Trading results might be difficult to predict. Sometimes, your analyses might be wrong. If the technical data indicated a bearish trend and you went short because of this, this doesn’t mean the situation won’t change. If the value unexpectedly goes up when you are in a short position, the short squeeze happens. If you answer the question “how does a short squeeze work”, you’ll be able to benefit from this sudden fluctuation.
Under what circumstances, you can predict the short squeeze? How can one use it to gain profits? Does it last long? These are the main questions we are going to answer in this guide.
Explaining the circumstances
A short squeeze is an event that often happens in the stock market. The first aspect that might cause a sudden growth of the share value is the positive performance of the company. What’s important is that this performance should beat all the expectations. These aren’t frequent occasions but, indeed, they might follow big geopolitical events and unexpectedly positive revenue reports.
One more reason that might lead to this is a sudden deal between a small unsuccessful company and a big international corporation. Why do investors consider stocks of small companies, which are bought by bigger ones, more attractive? This is prosaic – they expect that successful management will change the newly bought public organization and that this will cause stock value growth. Thus, after such agreements are announced, traders might start actively buying an asset causing a short squeeze.
Although this event is more common in the stock market, the prices of other assets might suffer sudden upwards movements as well, making people willing to buy. In foreign exchange, a short squeeze can be caused by announcements of financial institutions that issue currencies. That is why it is so important to follow the news.
There is no single pattern for all short squeezes occurring in the markets. It heavily depends on the product and the actions of traders. The liquidity of the trading instrument is also an important factor that must be taken into account.
In general, an average short squeeze doesn’t last longer than several days. This term is enough for the majority of traders to evaluate the performance of a security and take further steps. As a rule, after an event is over, the cost doesn’t surge but, instead, starts bearish fluctuations. The major reason is that any short squeeze indicates that the product can be volatile in the future. This is not the feature that attracts traders. That’s why they start selling.

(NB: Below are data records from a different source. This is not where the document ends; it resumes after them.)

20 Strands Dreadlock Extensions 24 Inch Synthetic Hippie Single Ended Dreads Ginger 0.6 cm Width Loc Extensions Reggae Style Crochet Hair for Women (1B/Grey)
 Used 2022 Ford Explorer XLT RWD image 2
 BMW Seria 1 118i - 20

A good trader can earn from literally everything that occurs in financial markets. A short squeeze is not an exception. Although it’s not as easy to use a short squeeze to gain earnings, it’s possible and might be quite beneficial. We cannot provide you with a list of ultimate tips that will help you create a well-defined strategy for making money from a short squeeze. This event indicates extreme volatility, so no one can guarantee you that you will make money even if follow the steps below:
1) Identify shorted securities
Take a closer look at the market and try to find specific assets that are shorted. Find the most shorted securities, this will help to make more. Also, you need to know the reason why the majority of traders go short on this security.
2) Consider the catalysts
At this stage, you must know that this event occurs under specific circumstances – it always has a trigger. Find out whether there are catalysts that can trigger a short squeeze for your asset. These occasions often happen after better-than-expected revenue reports.
If you found such events that may work as catalysts for your asset price surge, take some time to study them and compare the expected results with the previous performance or the results of the biggest competitors.
3) Don’t be too hesitant
When your research is over, you should see whether the detected triggers can lead to something serious. If your study shows that a short squeeze is very likely to happen, don’t be too hesitant. This risk might be worth it for you, so don’t be afraid of it if the potential loss won’t be too considerable for your budget.
4) Track the Squeeze
Track the squeeze and you will increase your potential gains. Short squeezes might be followed by other important triggers as well.
That’s it for now. We hope that this guide will learn you how to identify short squeezes and use them to your advantage. Anyway, keep in mind that not all trading risks are rewarded. Manage your finances wisely and don’t fall for too big risks. Good luck!